= To do =
In full and without error, repeat the entries below.

[[ Data records, beginning ]]

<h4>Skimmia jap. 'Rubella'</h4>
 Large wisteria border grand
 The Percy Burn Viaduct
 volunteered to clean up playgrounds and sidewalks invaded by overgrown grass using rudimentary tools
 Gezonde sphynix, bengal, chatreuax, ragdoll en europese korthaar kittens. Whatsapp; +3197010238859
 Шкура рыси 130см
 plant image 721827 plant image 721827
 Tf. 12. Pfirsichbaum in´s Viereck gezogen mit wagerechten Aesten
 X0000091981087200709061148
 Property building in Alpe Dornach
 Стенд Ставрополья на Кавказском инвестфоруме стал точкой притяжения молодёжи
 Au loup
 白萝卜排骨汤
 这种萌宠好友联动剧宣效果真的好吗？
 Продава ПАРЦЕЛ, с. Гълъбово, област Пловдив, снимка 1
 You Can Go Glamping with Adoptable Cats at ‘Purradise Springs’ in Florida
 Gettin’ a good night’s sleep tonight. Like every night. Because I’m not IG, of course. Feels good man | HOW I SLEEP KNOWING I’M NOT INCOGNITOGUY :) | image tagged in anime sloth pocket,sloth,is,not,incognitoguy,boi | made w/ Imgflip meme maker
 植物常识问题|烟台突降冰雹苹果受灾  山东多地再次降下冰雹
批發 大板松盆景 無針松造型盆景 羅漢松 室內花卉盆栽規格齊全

[[ Data records, end ]]

= Response =
<h4>Skimmia jap. 'Rubella'</h4>
 Large wisteria border grand
 The Percy Burn Viaduct
 volunteered to clean up playgrounds and sidewalks invaded by overgrown grass using rudimentary tools
 Gezonde sphynix, bengal, chatreuax, ragdoll en europese korthaar kittens. Whatsapp; +3197010238859
 Шкура рыси 130см
 plant image 721827 plant image 721827
 Tf. 12. Pfirsichbaum in´s Viereck gezogen mit wagerechten Aesten
 X0000091981087200709061148
 Property building in Alpe Dornach
 Стенд Ставрополья на Кавказском инвестфоруме стал точкой притяжения молодёжи
 Au loup
 白萝卜排骨汤
 这种萌宠好友联动剧宣效果真的好吗？
 Продава ПАРЦЕЛ, с. Гълъбово, област Пловдив, снимка 1
 You Can Go Glamping with Adoptable Cats at ‘Purradise Springs’ in Florida
 Gettin’ a good night’s sleep tonight. Like every night. Because I’m not IG, of course. Feels good man | HOW I SLEEP KNOWING I’M NOT INCOGNITOGUY :) | image tagged in anime sloth pocket,sloth,is,not,incognitoguy,boi | made w/ Imgflip meme maker
 植物常识问题|烟台突降冰雹苹果受灾  山东多地再次降下冰雹
批發 大板松盆景 無針松造型盆景 羅漢松 室內花卉盆栽規格齊全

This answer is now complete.